Tehcir edilen değil ama Türkiye’yi terk etmiş olan Ermeniler’den bazılarının gayrımenkulleri...
Aslında bundan önce İttihad ve Terakki’yi konuşmalıydık belki de... İttihad ve Terakki tam olarak neydi?
İlk kurulduğu dönemde bir gizli cemiyet, daha sonraysa resmi bir siyasi partiydi. Bugün hakkında çeşitli yorumlar yapılıyor ama bunların çoğu yanlış. İttihad ve Terakki, Sultan Abdülhamid yönetimine karşı harekete geçen Jöntürkler’in sonraki nesli tarafından oluşturulmuş siyasi bir örgüttü; sonra da siyasi bir partiye dönüşmüştü. “İttihadçı zihniyet Türkiye’ye ne getirdi, halen devam ediyor mu?” şeklinde tartışmalar sürüyor ama hepsi tarih bilmemekten kaynaklanıyor. Uzun yıllar önce kendi kendini feshetmiş bir siyasi partinin ruhu bir hayran kitlesinde devam edebilir belki ama uygulamada devam edemez... Tarihi olaylar meydana geldikleri dönemlerin şartlarıyla değerlendirilmeli. İttihad ve Terakki’nin kuruluşunda iki ana sebep vardır. Birincisi, Sultan Abdülhamid’in istibdadına ve iktidarına son vermek; ikincisi, dağılma sürecine girmiş olan imparatorluğun toparlanmasını sağlamak yahut hiç değilse o süreci yavaşlatmak.... Bunun dışında başka bir sebep yoktur. Bugüne bakın; ne dağılmak üzere olan bir imparatorluk var, ne de Sultan Abdülhamid tahtta...

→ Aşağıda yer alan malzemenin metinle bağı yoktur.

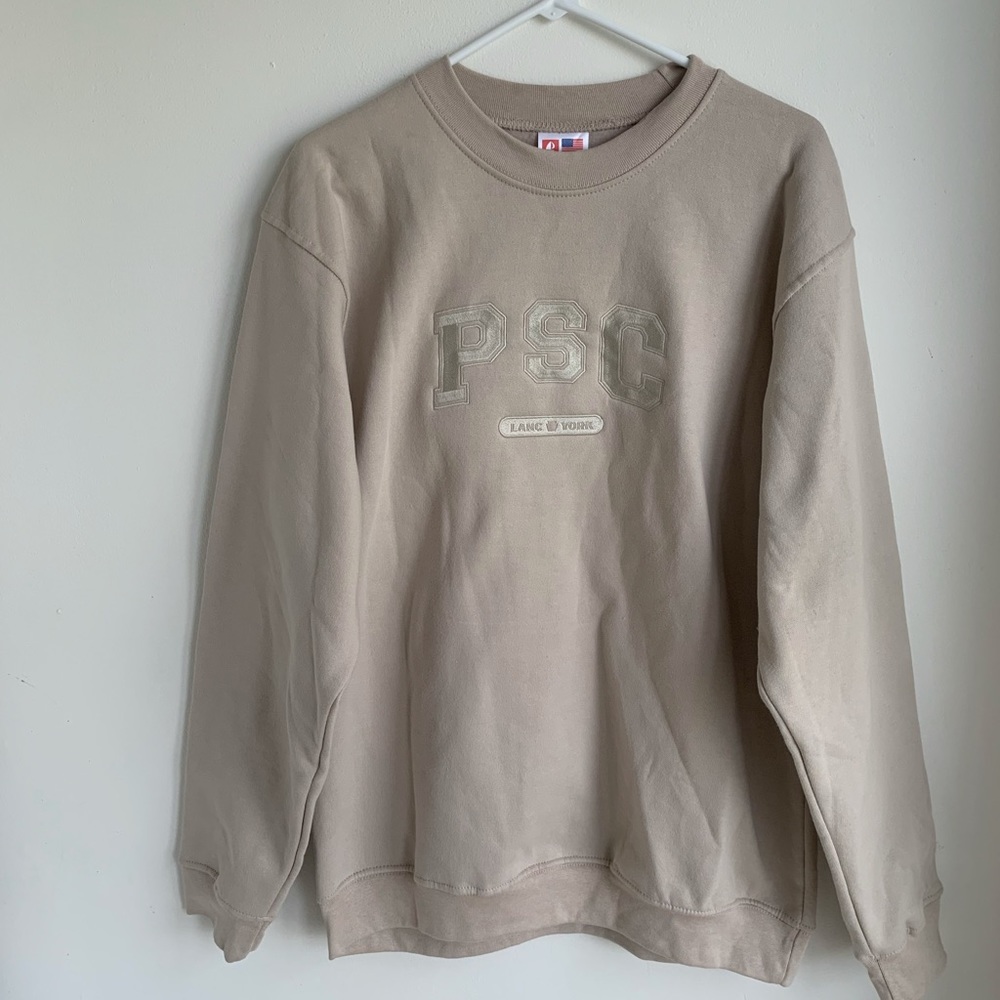 ✨SOLD✨NWOT Prince Street Cafe Lancaster York PA Beige Sweatshirt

İttihad ve Terakki bugün Ergenekon’a falan bağlanıyor.
Boş laf bunlar! Aradan 100 yıl geçmiş, şartlar tamamen değişmiş. Bugünkü hiçbir oluşumun, kuruluş ve varoluş maksadı ortadan kalkan ve 1918’de tarihe intikal eden bir siyasi partiyle alakası olamaz.
İttihad ve Terakki hedeflerini gerçekleştirebildi mi?
1909’da Sultan Abdülhamid’i tahttan indirdiler. 1913 sonrasında tek başlarına iktidara geldiklerindeyse, dağılma sürecini engellemeye çalıştılar ama bu kez başarılı olamadılar.
Kitabınıza dönersek; “İttihadçı’nın Sandığı”ndaki belgeleri nasıl temin ettiniz?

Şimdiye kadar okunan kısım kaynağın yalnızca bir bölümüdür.